Problem requirements :: Where the listing below has a line with "17年大众帕萨特轿车抵押车出售", write out exactly that line and every line after it, stopping after the line with "美品 グッチ ショルダーバッグ GG スプリーム ロゴプレート 斜め掛け メンズ".

■ ■ ■

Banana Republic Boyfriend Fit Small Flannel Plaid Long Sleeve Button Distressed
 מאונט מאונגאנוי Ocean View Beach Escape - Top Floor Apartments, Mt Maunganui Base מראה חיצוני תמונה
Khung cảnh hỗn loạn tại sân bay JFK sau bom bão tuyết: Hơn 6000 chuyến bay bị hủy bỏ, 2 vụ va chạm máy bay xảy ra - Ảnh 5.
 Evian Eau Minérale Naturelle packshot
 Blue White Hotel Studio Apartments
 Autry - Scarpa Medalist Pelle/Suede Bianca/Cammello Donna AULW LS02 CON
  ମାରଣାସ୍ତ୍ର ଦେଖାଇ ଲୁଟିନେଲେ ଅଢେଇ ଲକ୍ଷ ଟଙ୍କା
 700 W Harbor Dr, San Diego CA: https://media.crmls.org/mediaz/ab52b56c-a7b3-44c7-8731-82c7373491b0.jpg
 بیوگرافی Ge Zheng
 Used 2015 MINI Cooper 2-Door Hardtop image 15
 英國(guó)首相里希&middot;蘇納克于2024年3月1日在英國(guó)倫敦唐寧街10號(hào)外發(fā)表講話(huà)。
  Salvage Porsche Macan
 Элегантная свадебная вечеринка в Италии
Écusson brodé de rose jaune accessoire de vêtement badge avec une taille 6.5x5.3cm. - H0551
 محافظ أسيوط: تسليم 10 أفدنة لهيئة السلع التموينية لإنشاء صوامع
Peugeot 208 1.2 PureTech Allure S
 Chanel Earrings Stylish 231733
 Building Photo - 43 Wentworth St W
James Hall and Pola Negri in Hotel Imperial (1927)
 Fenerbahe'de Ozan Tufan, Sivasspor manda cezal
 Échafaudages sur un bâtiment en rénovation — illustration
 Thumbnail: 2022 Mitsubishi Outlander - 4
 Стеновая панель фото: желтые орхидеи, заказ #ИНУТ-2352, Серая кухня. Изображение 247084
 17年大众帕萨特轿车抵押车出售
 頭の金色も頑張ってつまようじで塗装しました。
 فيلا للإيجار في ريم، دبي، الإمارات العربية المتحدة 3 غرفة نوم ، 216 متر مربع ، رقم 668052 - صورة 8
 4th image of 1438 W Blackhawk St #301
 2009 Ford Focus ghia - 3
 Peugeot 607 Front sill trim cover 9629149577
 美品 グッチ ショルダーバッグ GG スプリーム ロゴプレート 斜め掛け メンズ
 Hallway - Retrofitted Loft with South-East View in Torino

■ ■ ■

Answer for this exercise ::
 17年大众帕萨特轿车抵押车出售
 頭の金色も頑張ってつまようじで塗装しました。
 فيلا للإيجار في ريم، دبي، الإمارات العربية المتحدة 3 غرفة نوم ، 216 متر مربع ، رقم 668052 - صورة 8
 4th image of 1438 W Blackhawk St #301
 2009 Ford Focus ghia - 3
 Peugeot 607 Front sill trim cover 9629149577
 美品 グッチ ショルダーバッグ GG スプリーム ロゴプレート 斜め掛け メンズ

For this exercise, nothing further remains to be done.